A renewed push at the Ohio statehouse calls for banning trucks from using the far left lane on certain highways “to provide clear and safe passage” for motorists.
Current Ohio law requires any vehicle moving at less than the normal speed of traffic to stay to the right. Exceptions to the lane rule are made for preparing to turn or to overtake and pass another vehicle.
The House Transportation, Public Safety and Homeland Security Committee has met twice this month to discuss a bill to mandate that large vehicles weighing more than 10,000 pounds stay in the two right-hand lanes on stretches of highway with three or more lanes in the same direction.
Exceptions to the rule would include situations when a trucker is preparing to exit the roadway from the left.

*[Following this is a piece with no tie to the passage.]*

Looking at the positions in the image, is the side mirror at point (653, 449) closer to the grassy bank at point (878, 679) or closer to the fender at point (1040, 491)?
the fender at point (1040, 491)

Sponsored by Rep. Marilyn Slaby, R-Copley, HB100 would authorize fines up to $150 for violators. Offenders who were convicted of other traffic offenses within the past year would face fines up to $500 and/or up to 60 days behind bars.
She points out that the Ohio Turnpike already has the truck-lane restriction in place.

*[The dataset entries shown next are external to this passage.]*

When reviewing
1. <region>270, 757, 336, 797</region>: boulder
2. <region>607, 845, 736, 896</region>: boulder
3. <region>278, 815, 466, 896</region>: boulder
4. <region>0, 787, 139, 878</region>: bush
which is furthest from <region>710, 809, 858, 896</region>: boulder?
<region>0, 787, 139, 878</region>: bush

Officials at the Owner-Operator Independent Drivers Association say that truckers are first-hand observers of the negative consequences of misguided traffic laws, and while perhaps not intended, HB100 would pose serious challenges for truckers and jeopardize the safety of the traveling public.
Slaby introduced the same bill during the 2013 regular session but it failed to advance from committee.

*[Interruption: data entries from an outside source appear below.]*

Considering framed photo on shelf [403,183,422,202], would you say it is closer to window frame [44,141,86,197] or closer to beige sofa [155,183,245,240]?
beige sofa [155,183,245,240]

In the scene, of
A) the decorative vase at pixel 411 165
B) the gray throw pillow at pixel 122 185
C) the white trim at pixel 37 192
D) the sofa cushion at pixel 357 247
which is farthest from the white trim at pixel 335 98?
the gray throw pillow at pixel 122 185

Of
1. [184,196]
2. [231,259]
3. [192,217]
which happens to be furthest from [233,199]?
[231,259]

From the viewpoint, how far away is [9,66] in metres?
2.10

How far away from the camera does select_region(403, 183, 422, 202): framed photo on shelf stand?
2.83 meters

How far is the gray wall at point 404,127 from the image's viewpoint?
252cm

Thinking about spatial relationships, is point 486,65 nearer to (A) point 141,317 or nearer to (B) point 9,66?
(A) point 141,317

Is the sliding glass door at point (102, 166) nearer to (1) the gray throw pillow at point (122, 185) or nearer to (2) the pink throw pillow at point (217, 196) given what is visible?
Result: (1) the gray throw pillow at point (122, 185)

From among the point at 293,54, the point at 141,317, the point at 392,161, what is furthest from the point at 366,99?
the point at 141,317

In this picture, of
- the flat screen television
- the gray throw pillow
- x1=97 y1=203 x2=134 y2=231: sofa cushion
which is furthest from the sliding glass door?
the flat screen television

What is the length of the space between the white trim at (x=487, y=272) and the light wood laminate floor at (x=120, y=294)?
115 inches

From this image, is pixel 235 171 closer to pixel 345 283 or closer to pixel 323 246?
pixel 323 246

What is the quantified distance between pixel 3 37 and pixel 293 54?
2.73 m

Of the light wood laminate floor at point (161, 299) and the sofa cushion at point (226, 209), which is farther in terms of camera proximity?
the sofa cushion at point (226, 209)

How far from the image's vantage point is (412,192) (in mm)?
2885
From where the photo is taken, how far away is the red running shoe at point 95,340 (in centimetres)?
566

In hopes that sentiment has changed, Slaby told panel members during recent discussion on the bill that the lane restriction “will help to deter drivers from attempting to pass on the right hand side of the road by maintaining an open lane with which to pass slower moving trucks.”
Truckers say they use the left lane while driving through congested areas to avoid traffic entering and exiting the roadway. They say it is the safest place to be during peak travel times.
Others say it is the responsibility of the Ohio Highway Patrol to enforce the existing rule on slow moving vehicles impeding traffic.
Mike Matousek, OOIDA director of state legislative affairs, said that truckers contribute a significant amount of money to federal, state and local transportation accounts and they have every right to use any available lane.
“If the left-hand lane is open, trucks should be free to use it and be held to the same standard as every other motorist,” Matousek said. “At the very least, it is counterproductive to enact and enforce traffic laws that actually decrease safety; rather than improve it.”
The bill awaits further consideration in committee.
A provision added to the state’s transportation budget bill also addresses left-lane use. Specifically, HB53 includes a provision to make the left lane of affected highways off limits for all vehicles except to pass or make room for merging vehicles.
If approved, the Ohio Department of Transportation would be responsible for posting “Keep right except to pass” signs to alert travelers of the rule.